WHAT YOU NEED TO DO:
Please reproduce the data exactly, excluding any pictures it contains.

INPUT DATA:
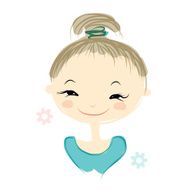 Cute Girl Smiling Sketch For Your Design N45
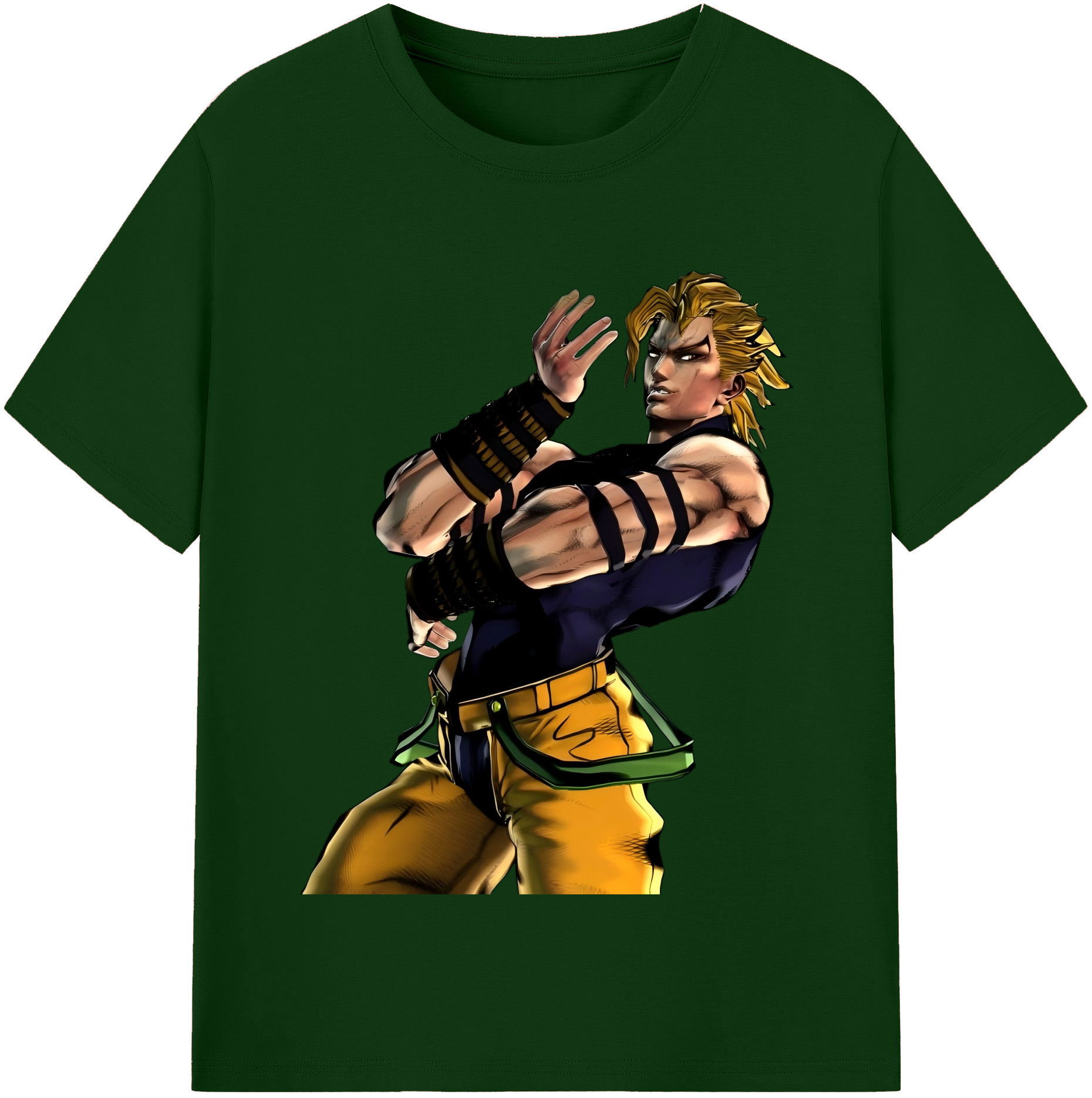 （画像用） ジョジョの奇妙な冒険 ディオ?ブランドー JoJo's Bizarre Adventure Dio Brando 綿100％半袖Tシャツ（フロントプリント）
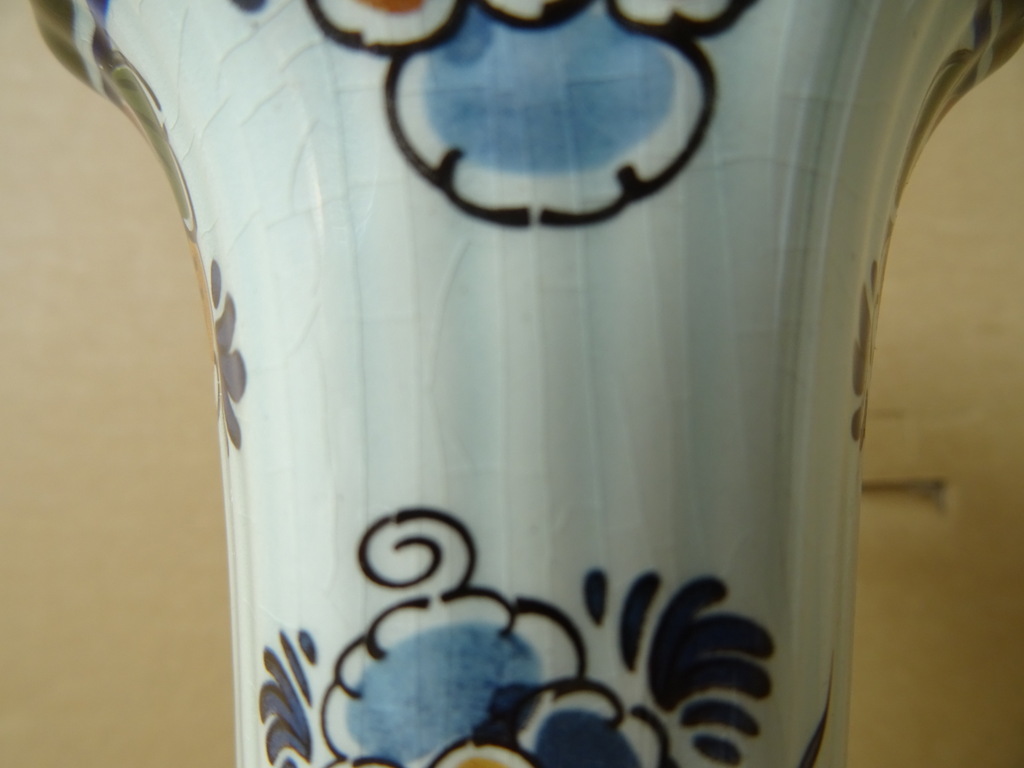 Vintage vaasje Delft Polychroom Holland 15cm - Afbeelding 3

RESPONSE BOX:
 Cute Girl Smiling Sketch For Your Design N45
 （画像用） ジョジョの奇妙な冒険 ディオ?ブランドー JoJo's Bizarre Adventure Dio Brando 綿100％半袖Tシャツ（フロントプリント）
 Vintage vaasje Delft Polychroom Holland 15cm - Afbeelding 3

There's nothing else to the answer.